What’s “interesting” is that the Liberals use this line of “If only you really knew them, you’d understand them better”, don’t try to know or understand Conservatives.
While I agree that “understanding does not always mean liking”, Liberals don’t try to know/understand Conservatives. 😦
I think I read something applicable… ah, here it is:
“The Babel fish has led to significant and profound consequences for the Universe; apart from the philosophical implications, the Babel fish has started more and bloodier wars than anything else in the history of creation, because it has removed all barriers to communication.” – Douglass Adams
Arab Muslims are very much a case of ‘I didn’t hate them until I met them’. The better I got to know them, the more I despised them.
Cowardice and cruelty are baked into the culture, along with pederasty and apathy.
I am content to let them stay in Arabia and slaughter each other to their hearts’ contents. I just don’t want them anyplace decent, like America and the place where Europe used to be. For crying out loud, the croissant was created to celebrate to victory over the Muslim Turks at Vienna, and now there are mosques in the city.
I have relatives who are liberal academics. Nothing makes a holiday meal “better” than listen to them blather on about the wonders of diversity. [weary sigh]
I’m all for sampling bits of different cultures and exposure to same, of my own free will. But “we must have two from this continent and two from that continent because Diversity!” and everything else that seems to go with it? Nope.
When the topic actually turned into a discussion for a brief while, they argued much strongly in favor of what might as well be called “checkbox diversity” over such “less-important” aspects as existing skills, a track record of past accomplishments, quantitative standards, etc. for hiring of new university faculty.
I agree with McChuck. Been there, don’t want them here. I will not submit to them, ever.
Diversity also goes under the name of multiulturalism, which name is merely a smoke screen for anti-western and/or anti-American culture. When I ask people who profess to support multiculturalism just how it works I get glowing generalities. When I start digging deeper and asking about details it comes down to Western, and especially American culture giving way to other cultures everywhere, not only in the countries where these cultures originate or are settled now, but here in the West as well.

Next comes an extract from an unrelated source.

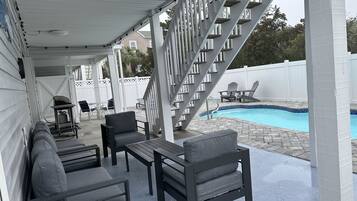 Alberca al aire libre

This is what makes it anti-Western culture. It also means that immigrants should keep their cultures, values and even language. This means that young people have less opportunity to get ahead economically, being limited to their own communities. This commonly makes them dependent on welfare. It means that they must rely on some intermediary, some go-between who explains to both sides. They are dependent on, and in practice must take directions from these special intermediaries, commonly “community organizers.” Multiculturalism is racism with a smile. Multiculturalism relegates various immigrant ethnicities to their own ghettos and works well to keep them there. It’s a means of maintaining political power while constantly appearing to help immigrants achieve the illusion of having political power.
I much prefer the old melting-pot model of immigrant integration.
Yet they only want means of handling capital punishment, persecuting war, handling hostile populations and treating sexual minorities that are within their subculture. Hypocrites.